*WHAT YOU WILL DO*
In your copy of the data, keep every word exact and include no pictures.

*AVAILABLE DATA*
↓↓↓

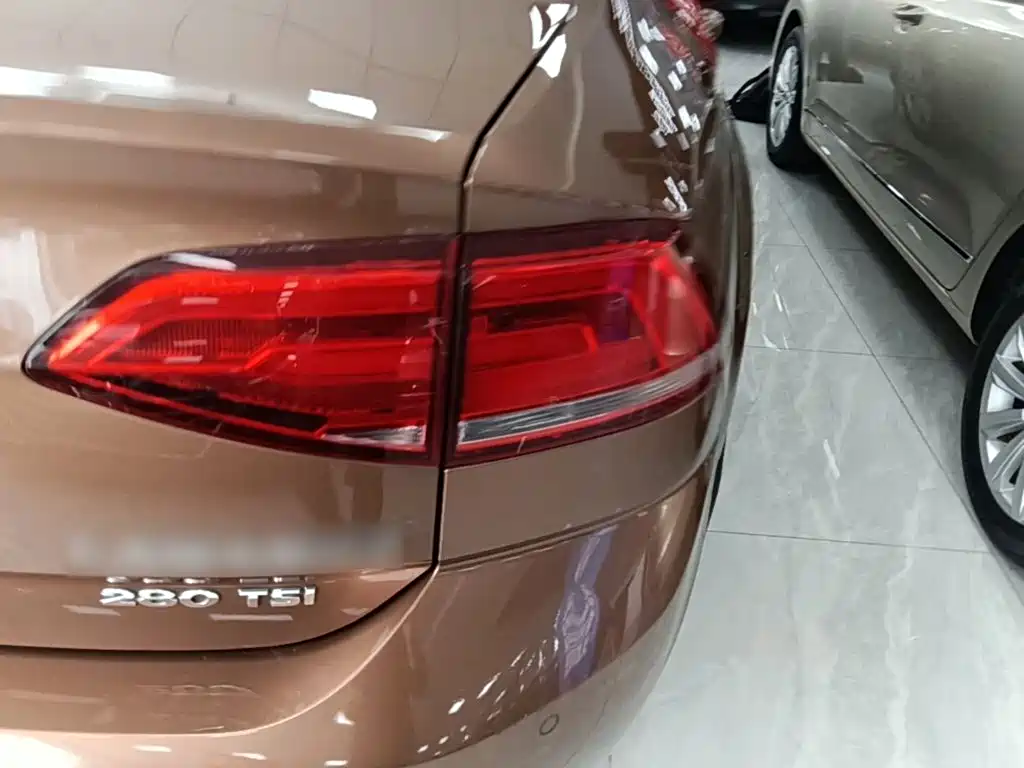 صورة 8 - Volkswagen Lamando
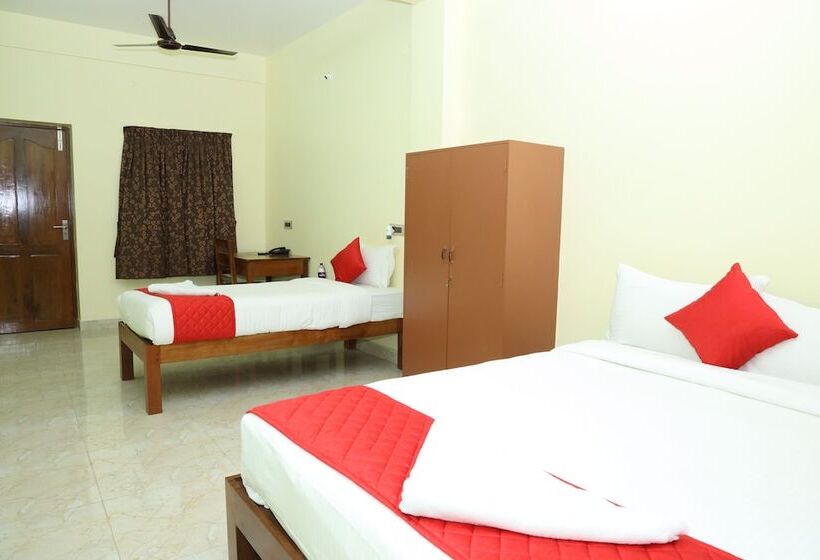 فندق Martine S Residency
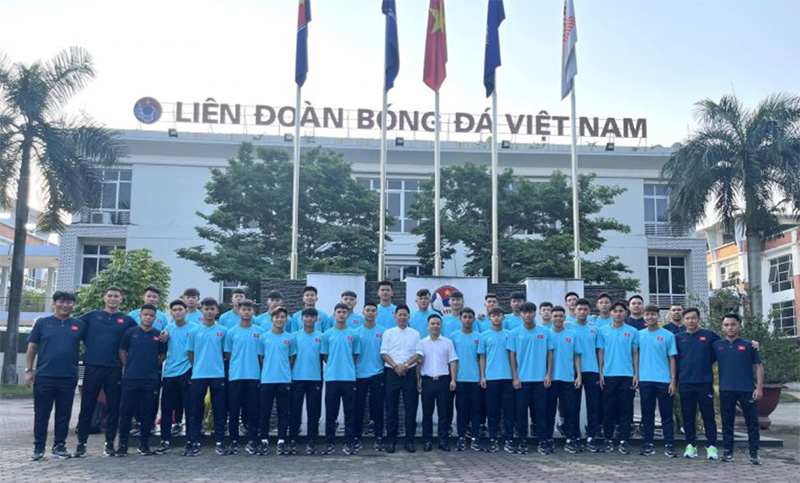 ĐT U17 Việt Nam lên đường sang Qatar tập huấn và thi đấu (Ảnh: VFF)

↑↑↑

*SOLVED EXERCISE*
 صورة 8 - Volkswagen Lamando
 فندق Martine S Residency
 ĐT U17 Việt Nam lên đường sang Qatar tập huấn và thi đấu (Ảnh: VFF)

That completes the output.